HUIZE De Naakte Jongen


Het was op een zonnige namiddag midden in de Hooimaand en dus niet verwonderlijk dat de fietser voortdurend hooi rook. Wat hem wel bevreemdde was die roze reuk die zich mengde met de hooigeur. Niet de geur van rozen maar het aroma van een … roze driehoek. Terwijl hij zich verbaasde over die bizarre synesthesie reed Zjuultn voorbij een mooie villa. Zo mooi dat de fietser onwillekeurig halt hield om bewonderend toe te kijken. HUIZE De Naakte Jongen stond er in sierlijke letters op de gevel. Zjuultn werd op slag verliefd op dat huis. Hier zou ik willen wonen! Aan een der vensters verscheen een vrouw die hem een poosje nieuwsgierig gade sloeg; en vervolgens een raambiljet op de ruit plakte. Kamers te huur. Zjuultn liep meteen het erf op en ging aanbellen.

Een week later kwam Zjuultn zijn intrek nemen in de villa. Het was omtrent de noen en snikheet; de bomen in de tuin waren zwanger van schitterend loof. In de schaduw zat een lief klein meisje op een schommel. Jaar of twaalf. Heur lang blond haar golfde als bloesem van de goudenregen over heur rug. Toen het wicht Zjuultn opmerkte, glimlachte ze. De glimlach van een engel!

Helen, zijn hospita, was een jonge aantrekkelijke weduwe. Ze was net de krant aan het lezen, vertelde ze, en was diep geschokt over die reeks verdwijningen van kleine jongens overal in het land.

"Gelukkig gebeurt zoiets niet in een dorpje als het onze," merkte Helen met hoopvolle stem op. "Brave mensen hier," zei ze en begon meteen heel wat af te roddelen over de inwoners van Knechtegem. Tijdens die monoloog verscheen het engelachtig meisje in de woonkamer en werd tot Zjuultn's niet geringe verbazing voorgesteld als Helen's zoontje Ganny.

Ter verwelkoming offreerde Helen een fles champagne.

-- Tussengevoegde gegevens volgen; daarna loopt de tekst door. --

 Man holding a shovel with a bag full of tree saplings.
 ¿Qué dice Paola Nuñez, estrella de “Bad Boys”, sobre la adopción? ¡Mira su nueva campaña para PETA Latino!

Ganny verdween uit de huiskamer om enkele minuten later als een volleerde kelner met een schenkbord op de hand terug te komen.

Na het middagmaal fietste Zjuultn naar het gemeentehuis teneinde aldaar enkele administratieve formaliteiten te vervullen. Dit gebouw bevond zich op een vierkantig pleintje waar ook de kerk en de dorpsherberg stonden. Aan de poort van het gemeentehuis hing een affiche: het portret van een twaalfjarige jongen uit de naburige stad; verdwenen op 21 juni 2000.
De formaliteiten verliepen vlot en nauwelijks een halfuur later begaf Zjuultn zich naar de herberg. In de gelagzaal was het in tegenstelling tot buiten heerlijk koel. Achter de toog stond de waard glazen af te wassen. Bij het venster zat een oude man van het boerse type. Zjuultn bestelde een pils.

"Ben jij die gast die in Huisje De Blote Flikker pacht?" vroeg de oude boer.

"In de wadde?"

"Ja zo noemen wij dat hier op het dorp," grinnikte de boer, "weet je hoe dat kot aan zijn naam geraakt is? Ik spreek van jaren voor den oorlog hé … De villa was pas gebouwd en er kwam een vreemde snoeshaan uit de stad wonen. Knappe kerel … soort Madonna …"

"Adonis!" zei de waard.

"Jajaja … Er kwamen daar weinig vrouwen op bezoek. Wel veel mooie jongetjes … as je begrijpt wat ik bedoel? Heel jonge jongetjes zelfs … as je begrijpt wat ik bedoel? En die jonge gast geneerde zich ook niet veel. Liep zomaar bij volle dag in zijn blote flikker in den hof rond. De pastoor is daar nog deftig van zijn kloten gaan maken om te zeggen dat 't geen manieren waren. Maar die Madonna beweerde dat de mensen scheel hadden gekeken. Dat ie altijd een zwembroek aan had. … 't Moet wel een heel doorzichtig zwembroekje geweest zijn … Later in den oorlog vernamen we dat die jonge gast in Brussel door de Duitsers opgepakt was. En dat ie naar een concentratiekamp gezonden werd. Naar Oostwest geloof ik …"

"Auswitz!"

"Jajaja … In elk geval hij is niet meer teruggekeerd. Na den oorlog kwam er al weer zo'n snoeshaan uit de stad in die villa wonen. Samen met zijn gezin. Toen de nieuwe eigenaar van die Madonna hoorde, vond ie het verhaal heel plezant en liet op de gevel 'huisje de blote flikker' schilderen."

"Huize De Naakte Jongen!"

"Jajaja … In elk geval die mensen zijn daar niet lang blijven wonen. Ze beweerden dat die Madonna daar 's nachts in zijn blote flikker kwam spoken …"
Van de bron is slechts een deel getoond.